Captioned web image data:
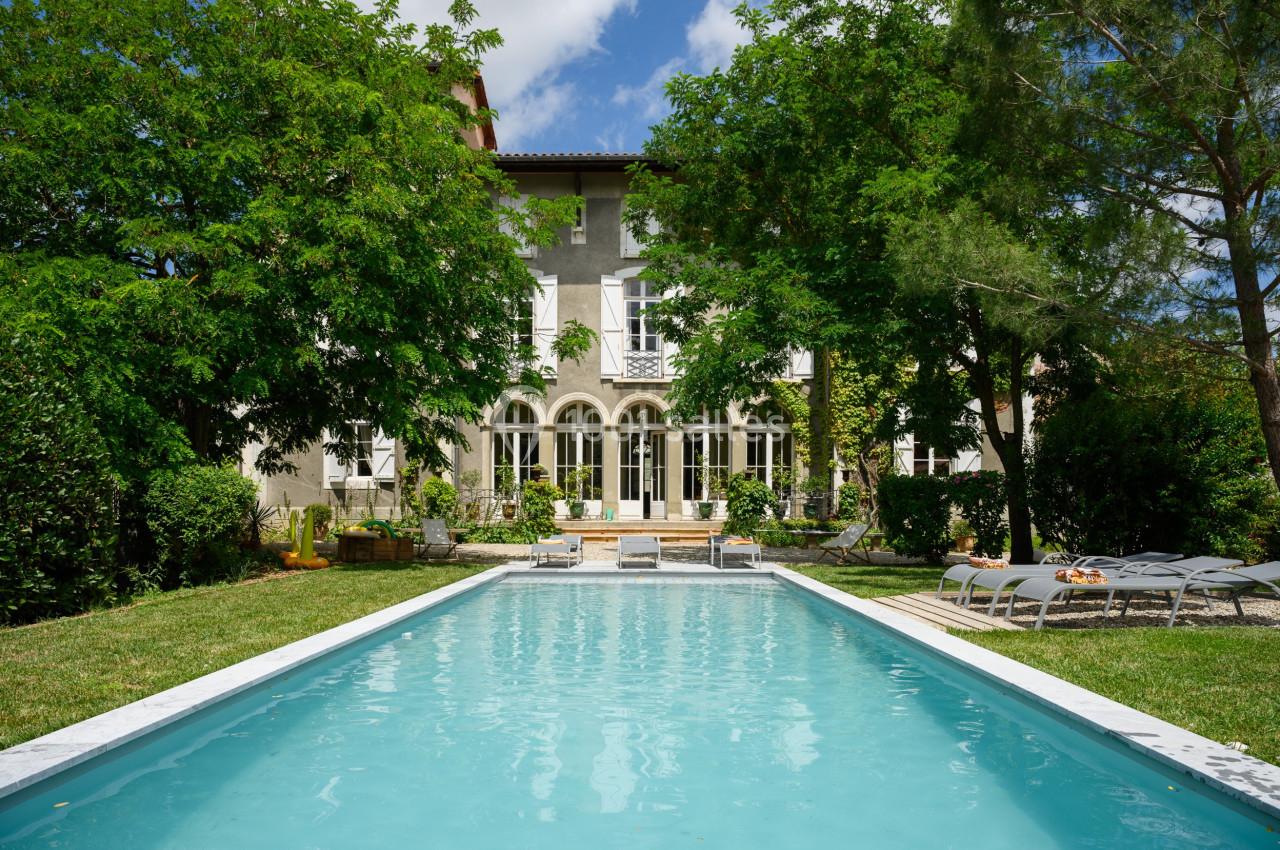 CHATEAU DE STYLE DIRECTOIRE Grande maison entourée d'arbres avec une piscine rectangulaire au premier plan et des chaises longues sur le côté.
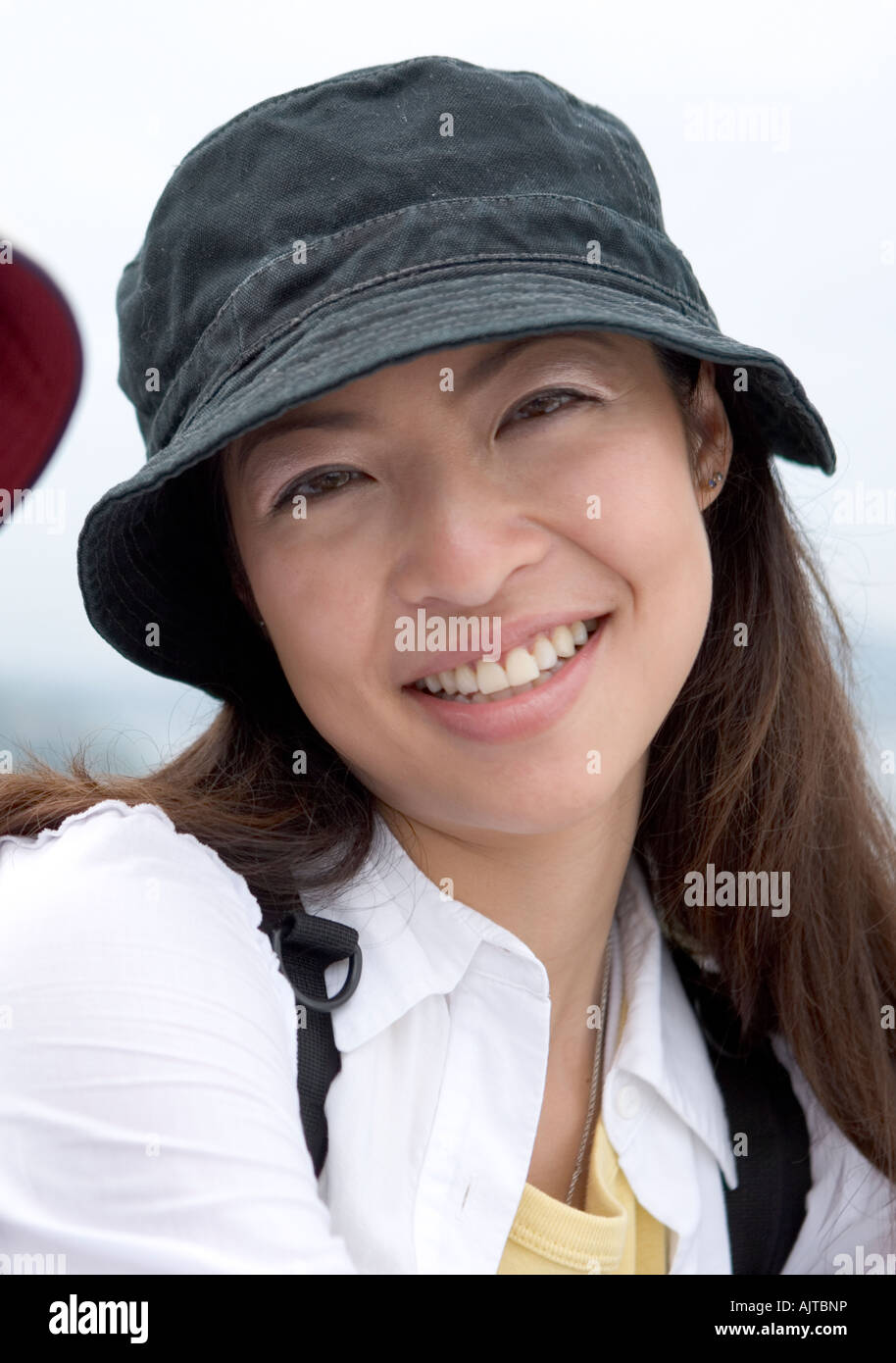 Portrait of a young woman smiling Stock Photo - Alamy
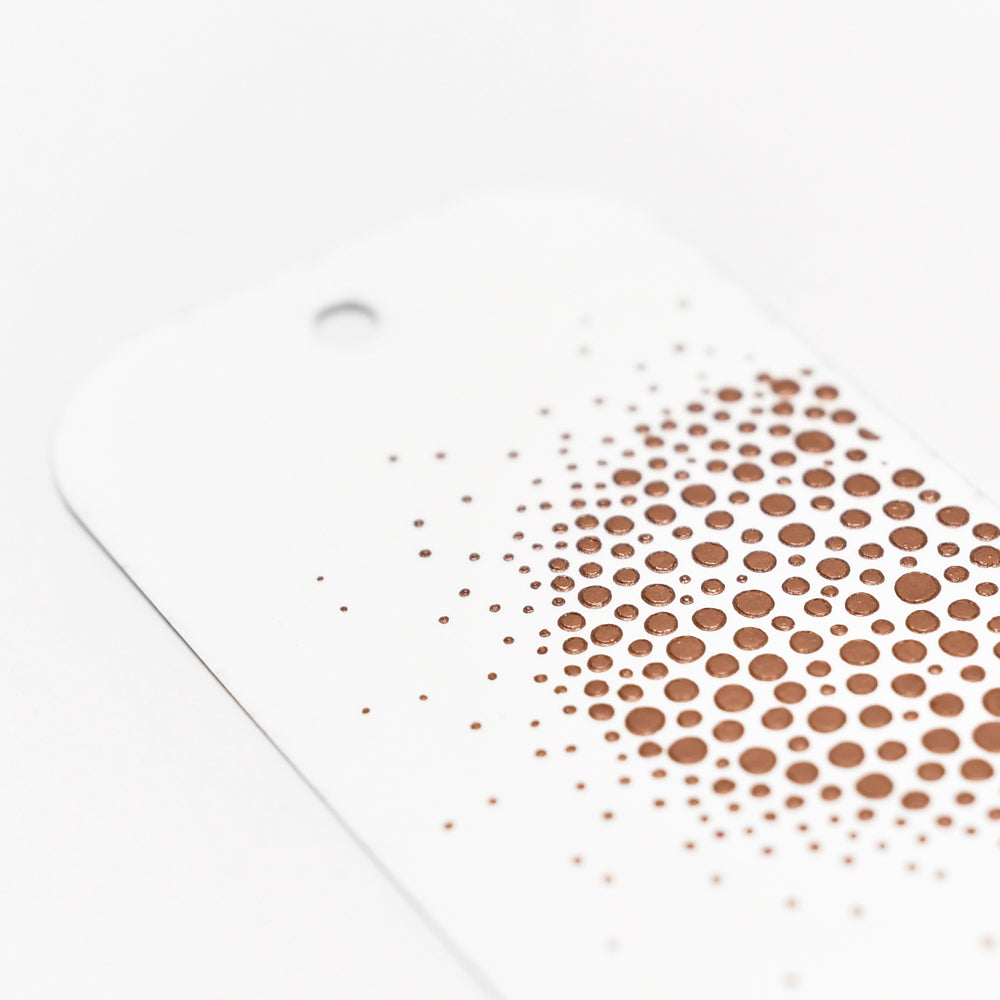 Weißer Anhänger von The Crafters Workshop mit einem Loch und braunen Punkten in einem kreisförmigen Farbverlauf - ideal für Mixed-Media-Projekte mit Stencil Butter oder Modellierpaste.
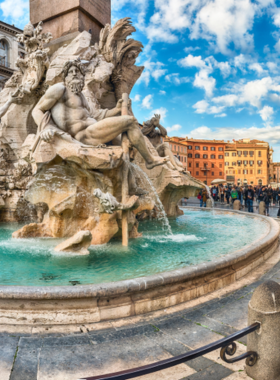  This image shows Piazza Navona, a vibrant Baroque square in Rome featuring fountains, cafes, and lively street performances.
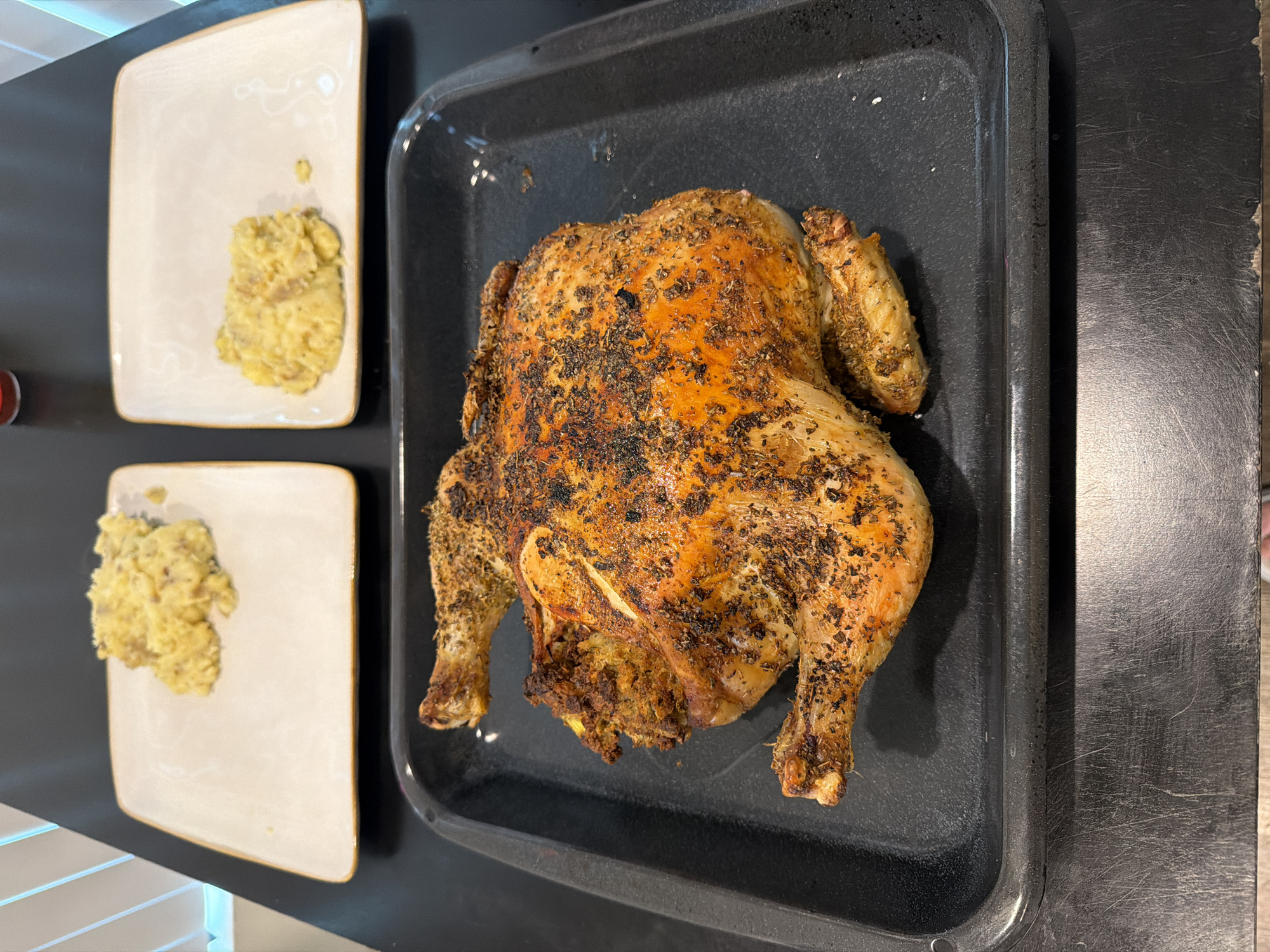 A freshly roasted whole chicken is presented on a black baking sheet, accompanied by two square plates, each containing a portion of yellow, mashed food. The setting appears to be a domestic kitchen, with a black countertop and visible kitchen elements. This scene is likely to be found in a home in Los Angeles, United States of America.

* [Activity]: Take the records above and transcribe them exactly, dropping every picture.

* [Expected answer]:
 CHATEAU DE STYLE DIRECTOIRE Grande maison entourée d'arbres avec une piscine rectangulaire au premier plan et des chaises longues sur le côté.
 Portrait of a young woman smiling Stock Photo - Alamy
 Weißer Anhänger von The Crafters Workshop mit einem Loch und braunen Punkten in einem kreisförmigen Farbverlauf - ideal für Mixed-Media-Projekte mit Stencil Butter oder Modellierpaste.
  This image shows Piazza Navona, a vibrant Baroque square in Rome featuring fountains, cafes, and lively street performances.
 A freshly roasted whole chicken is presented on a black baking sheet, accompanied by two square plates, each containing a portion of yellow, mashed food. The setting appears to be a domestic kitchen, with a black countertop and visible kitchen elements. This scene is likely to be found in a home in Los Angeles, United States of America.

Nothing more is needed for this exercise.